Puerto Rico’s non-voting representative in the U.S. Congress is exploring changes to federal law that would allow the commonwealth’s municipal agencies to file for bankruptcy to restructure their debts.
Pedro Pierluisi, whose formal title is resident commissioner, will ask congressional leaders about introducing a bill that would alter the U.S. Bankruptcy Code to let the agencies seek court protection from creditors, just as cities including Detroit and Stockton, California, did when they determined they were unable to meet financial obligations.
“It would be logical and appropriate for the code to be amended to authorize public agencies and instrumentalities in Puerto Rico to file under Chapter 9 to the same degree and extent as their counterparts in the 50 states,” Pierluisi, a Democrat, said yesterday, referring to the section of bankruptcy law that covers municipalities.
Bond investors in the U.S. have long opposed municipal bankruptcies, preferring to restructure debts outside of court, where a judge can impose cuts. Only about half the states let their municipalities file for bankruptcy. Some of those, like Michigan, require a fiscal review first. States themselves are barred from filing for bankruptcy.
Puerto Rico lawmakers took matters into their own hands last month, passing a Recovery Act that would allow some public corporations to negotiate with bondholders, potentially forcing them to accept unfavorable terms.
The Puerto Rico Electric Power Authority, which supplies most of the island’s electricity and owes $8.6 billion, may be a candidate to reduce its debt load under the new law.
Fitch Ratings on June 26 downgraded Prepa to CC, its third-lowest speculative grade, citing a probable debt restructuring or default. The utility paid $417.6 million to bondholders on July 1.

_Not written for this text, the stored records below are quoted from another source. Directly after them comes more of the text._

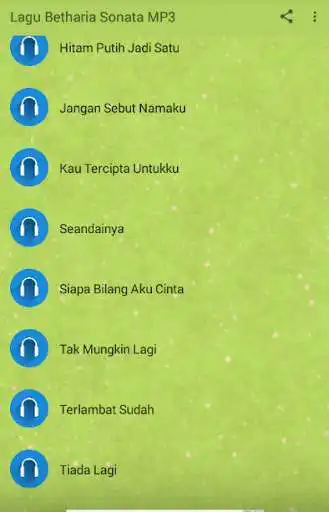 Play APK lagu betharia sonata  and enjoy lagu betharia sonata with UptoPlay com.andromo.dev686373.app713690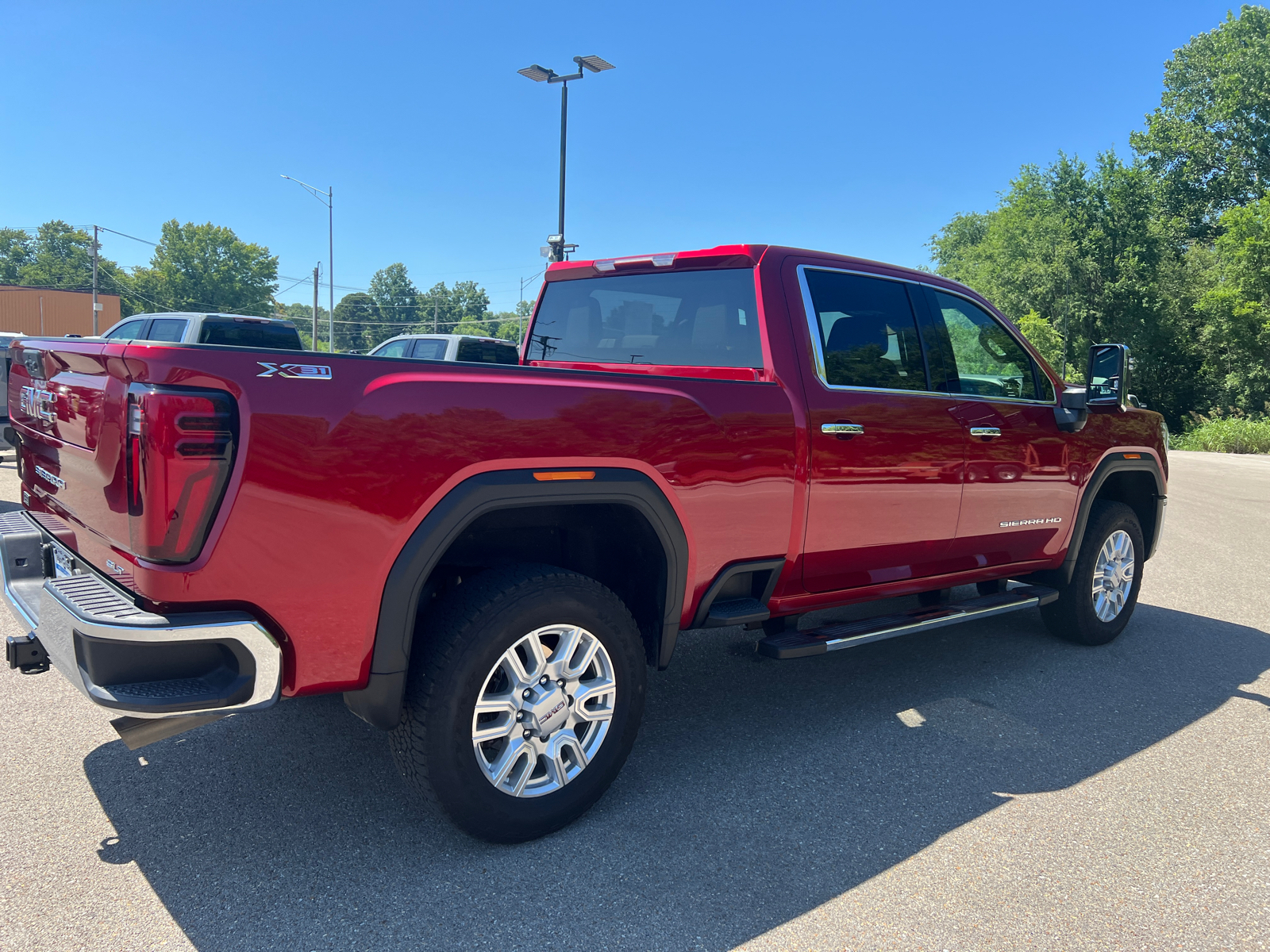 2024 GMC Sierra 3500HD SLT 14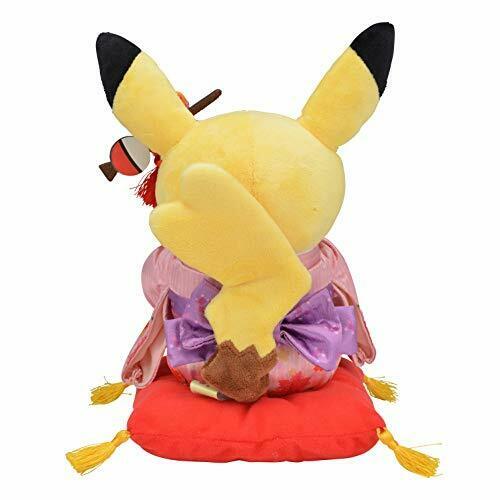 Pokemon Center Original Stuffed Hannari Tea Party Pretend Pikachu Female- Japan Figure Store - #1 Bring To You The Best Japanese Goods
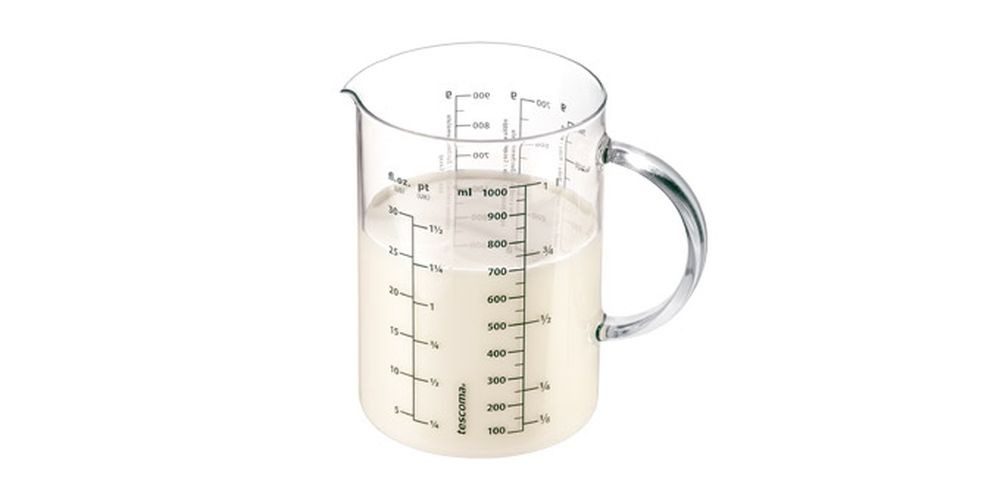 Tescoma Messbecher Messbecher aus Glas DELÍCIA 1.0 l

Franklin Templeton Investments and Oppenheimer Funds Inc., which hold more than $1.7 billion in power authority bonds, have sued to halt the new restructuring law. Under the U.S. Constitution, only a federal bankruptcy court has the power to force creditors to accept changes to a debt contract, such as reduced payments.
The bond-fund managers filed their case just hours after Governor Alejandro Garcia Padilla signed the bill into law June 28. On June 30, a federal court gave Puerto Rico 21 days to respond to the suit.
In a joint statement yesterday, Puerto Rico Chief of Staff Ingrid Vila and Treasury Secretary Melba Acosta said they had discussed changes to the bankruptcy code with the U.S. Treasury Department “to correct the exclusion of the commonwealth.” They decided it would take too long to pass an amendment and chose to introduce the Recovery Act.
They called Pierluisi’s decision “positive” and said they would review any proposed legislation before commenting.
“It would be convenient if in the future the resident commissioner would coordinate his efforts with those of this administration to work together for the fiscal health of the government of the Commonwealth of Puerto Rico,” they concluded.
Moody’s Investors Service responded to the new law on July 1 by cutting the commonwealth’s $14.4 billion of general obligations to B2, five steps below investment grade.
Debt sold by the commonwealth and its agencies lost 6.4 percent last week, the biggest decline since at least 1999, according to S&P Dow Jones indexes.
About 45 percent of Puerto Rico’s residents live in poverty, according to U.S. Census data. Its economy has declined about 11 percent since 2006, according to its Planning Board. The 13.8 percent unemployment rate is more than double the U.S. average.
The funds’ case is Franklin California Tax-Free Trust v. Commonwealth of Puerto Rico, 14-cv-01518, U.S. District Court, District of Puerto Rico (San Juan).